An exact copy of the data is required. No picture may appear in it.

Data section ::
---
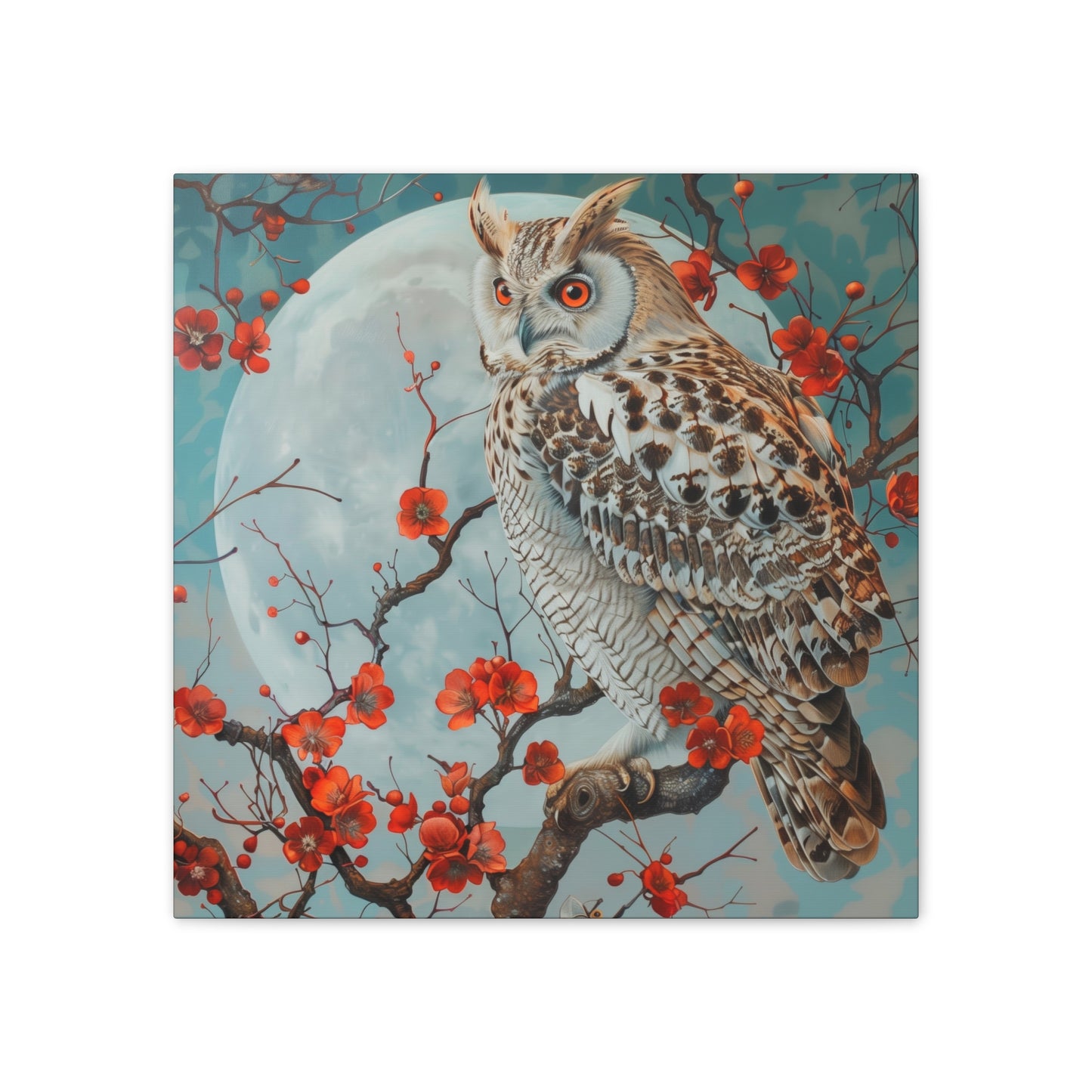 Owl  - Canvas Stretched, 0.75"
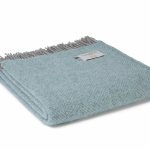 Extra Large Spearmint/Grey Beehive Throw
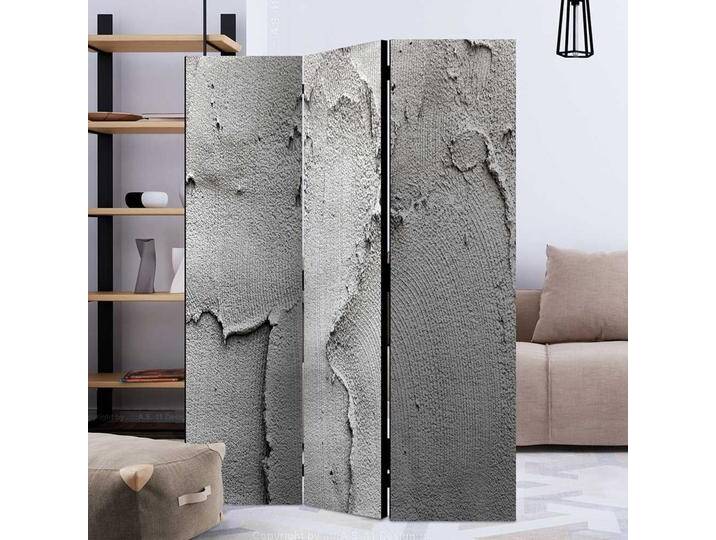 Umkleide Paravent in Beton Optik Kratzputz Motiv von 4Home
---
Result below ::
 Owl  - Canvas Stretched, 0.75"
 Extra Large Spearmint/Grey Beehive Throw
 Umkleide Paravent in Beton Optik Kratzputz Motiv von 4Home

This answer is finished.